Waurika Writers’ Workshop AND rattlesnakes??

Waurika, Oklahoma, which will be having it’s annual rattlesnake roundup this weekend, will also host the Western Writers Roundup at the at the same time. The Times Record News online site put this paragraph in its list of events:

WESTERN WRITERS ROUNDUP April 12, Chisholm Trail Historical Museum, Waurika. Ninth annual gathering of published authors residing in and/or writing about the American West. A chuck wagon lunch served at noon. (580) 228-2166.

I don’t know if there will be an upcoming abundance of snake stories or not; on the other hand, I don’t know how many writers will even leave the Chisholm Trail Historical Museum.

Here’s an idea: since the theme is snakes, maybe the town should host a lawyers convention instead of a writers roundup. JOKING . . .JOKING.

Virtual Tourist in Coffee Springs, Alabama

I haven’t looked up the population of Coffee Springs but I think it is small and I am going to have to hike around to get a lay of the landscape, but I did find one fellow who is writing a blog and he lives in Coffee Springs. He calls it Tladotse’s Weblog and one of his posts contains this paragraph:

Well it is another great day I am alive and kicking and on this side of the turf still. I also feel reasonably well today and not too many aches and pains. So that is a plus. Not too much is going on at Coffee Springs but it is a happy place and I don’t find very much fault with it.

That seems like a good attitude to have. Of course, I am the complaining type and everyone knows how I get so frustrated with myself and Indiana.

I’m off to see what this place is like – the one that is happy and doesn’t have much fault with it.

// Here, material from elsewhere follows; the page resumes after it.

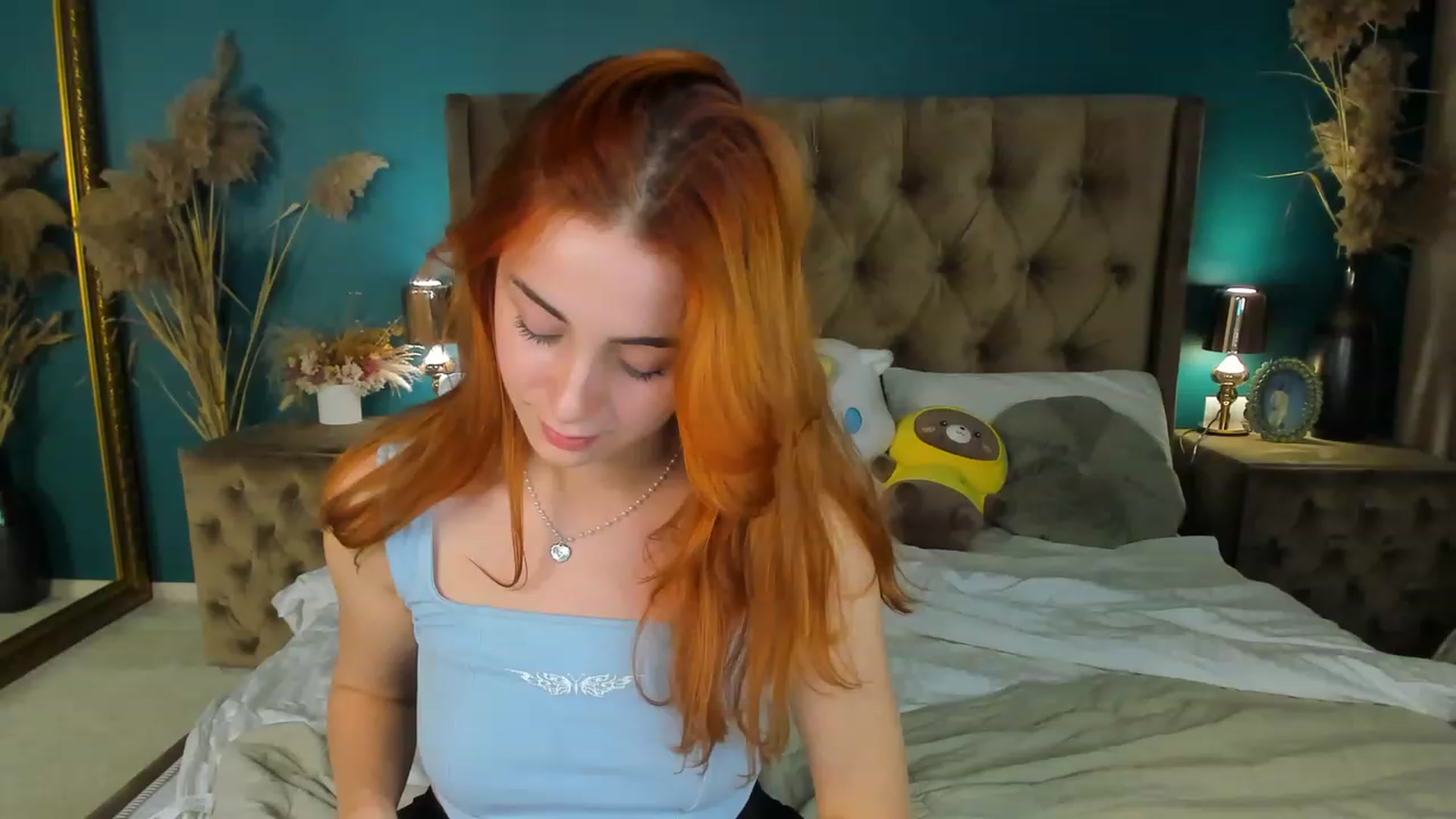 Gallery image thumbnail from ElsaYoung's myfreecams stream on, 10/06/2023, 18:43 image 10 of 20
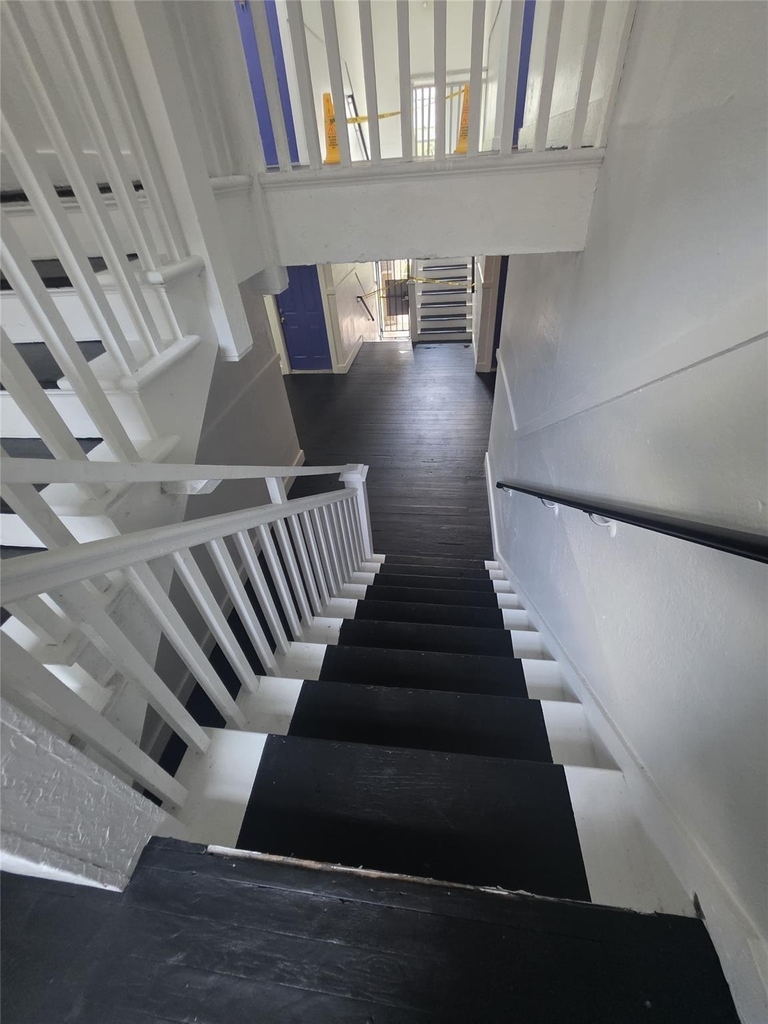 1624 Holman Street - Photo 1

Aw, now I’ve come on something sad, and article in Time.com about small towns dying. I grabbed this paragraph from it:

For many a little town across the U.S., the basic economic resource was the railroad. Competition from trucks has made short-haul, small-load freight uneconomic for railroads, and many small-town stops have been abandoned. The Central of Georgia used to stop at Coffee Springs, Ala., and the town made a living by ginning and shipping cotton. But the railroad ripped out the tracks that ran through Coffee Springs, and today weeds grow in what used to be busy streets. “We’re going nowhere,” says a longtime Coffee Springs resident. “There’s nowhere we want to go.”

Things are lively in Coffee Springs, though, and tempers heated up last December.

Transmission fluid in my hair

I have transmission fluid coming out from my engine area and I decided to get under the car and figure out what was going on, since the car is becoming quite frankly an eyesore – but I love it. Still, it is due to have its brakes fixed and I don’t want to spend that kind of money if the transmission is going to be expensive.

So, I put on old clothes and slid under the car and stared at dirty greasy things. I got out from under the car and started it . . . then I sort of got a little bit back under it and saw the drip seemed to be coming from a certain area.

I wiped that area clean (after shutting the car off) and then turned it back on for a few seconds to see if I could narrow my search area down. Well, I think I did. Then I get this great idea to put tape around the tube/hose that looks worn and is leaking and see what happens. Okay. Nothing leaks.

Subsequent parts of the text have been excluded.